September 2010

After learning a little about the Videos, I need to learn Illustrator and I can not believe I am understanding what I read!  This module of the suite has been a real stumbling block, but something clicked recently, probably just learned enough terms, and I discovered the instructions really were written in English.

I have a really nice free project that I am stitching and as soon as I can draw it, fingers crossed, I will post it.  Of course, that is after I finish it and photograph it and write the instructions.

It will finally be a home for the flower we made in Punto n Aria and the leaves.  Stay tuned, I will post the links as I finish, but it will be a while.  Linda Fontenot

May, 2010 Well I am back working, the economy is stalled out and I won't do any shows this year. I was going to do the 'punto n' aria' at the blog but the green threads never seem to show up in the thread club, so I started a series of pincushions, we will do buttonhole projects with them, hang in there.

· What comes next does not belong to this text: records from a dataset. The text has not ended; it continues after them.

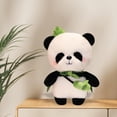 thumbnail image 1 of Peluche CUTICAT Oso Panda Juguete decorativo de Bambú, 1 of 8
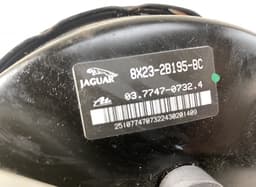 JAGUAR 03774707324 03774765044 03.7747-0732.4 03.7747-6504.4 Brake Servo JAGUAR XF (X250, CC9) (2008-2015) — thumbnail 3
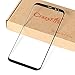 CrazyFire Compatile Samsung Galaxy S8 Plus Screen Lens Glass Replacement Kit,Front Outer Lens Glass Screen with Adhesive for Samsung S8 Plus G955(All Cellular and Wireless Carriers) 6.2 inch(Black)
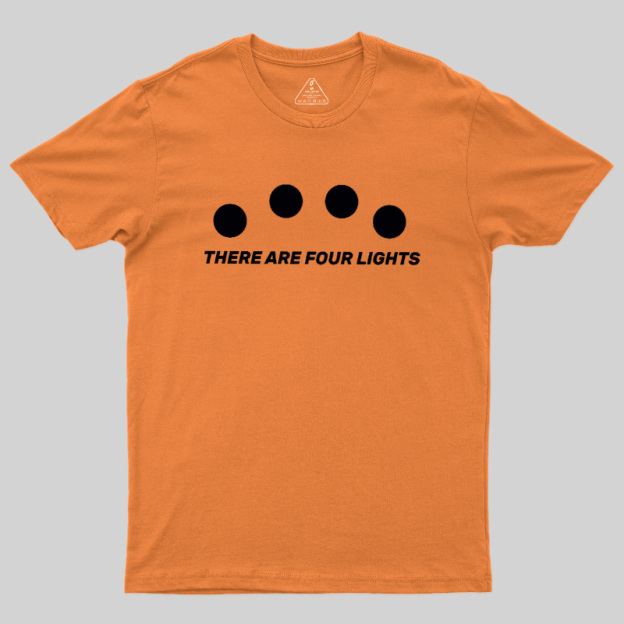 Four Lights Truth Statement Geek T-Shirt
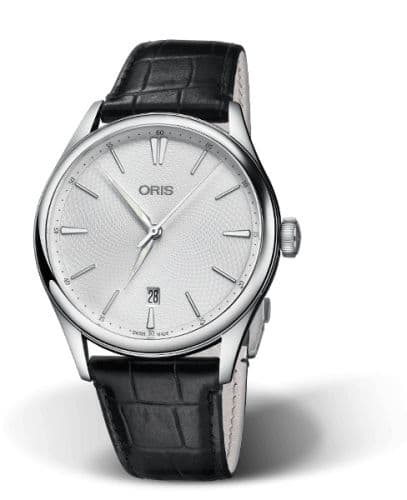 Oris Artelier Date 40 Generalstabsabgänger Edition / Silver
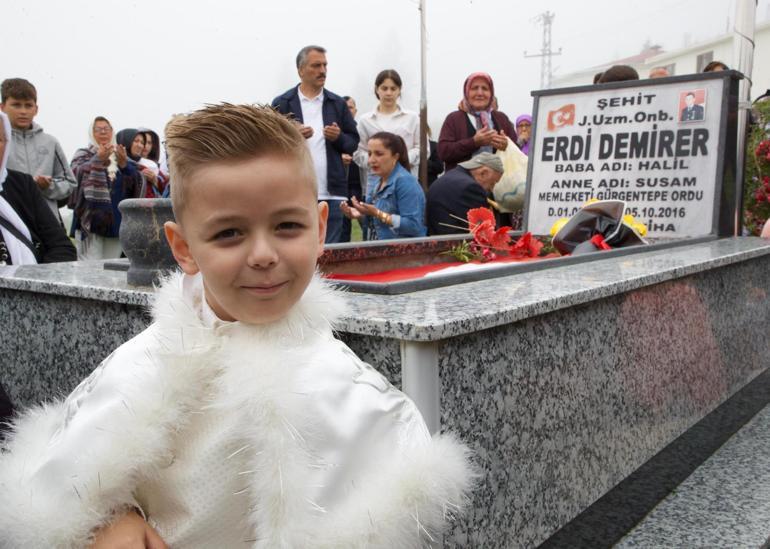 Vali Sonel, şehit askerin oğluna sünnet düğünü için makam aracını tahsis etti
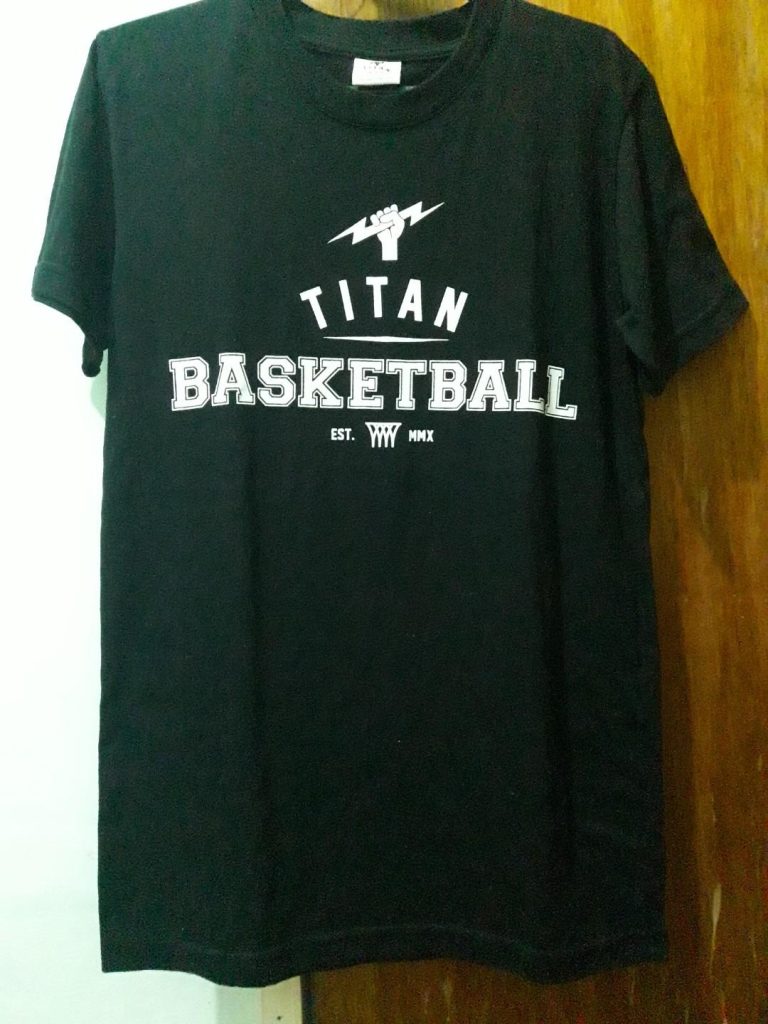 Titan T shirt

And I am learing how to do videos in the Photoshop suite, now that is fun! Surprized me how interesting it is, Another surprize was how much film you have to take to get a little itty bitty sequence for the project. Stand by I am almost done with Satin stitches, I am working on Transitions, maybe by this fall. Sigh!

I changed the chart for Down the Garden Lane , I noticed the link to the chart was showing up a mess instead of a legible chart, when did that start happening? Sigh. So, now you will have to copy them to your desktop and print them out, but they are nice and legible. I have a colour chart in the middle of the project at the end of the DMC chapter. The garden has been replanted, oh joy! No butterflies though, I planted herbs since they are more drought tolerant and thought they would smell good, but found out the falls were related to allergies and the inner ear causing vertigo. yippee, can you tell I am so excited? be back later, Linda

Hi again, It's February 2009 and I suppose by now you might have guessed something else happened that I wasn't anticipating and you would be right!  We didn't have any rain last spring, but the garden literally roared back to life, I couldn't believe the way it was growing. But then the heat came and it died completely, I placed umbrellas over everthing, but I couldn't save much. Too many trees were damaged and the heat was just relentless, day after day.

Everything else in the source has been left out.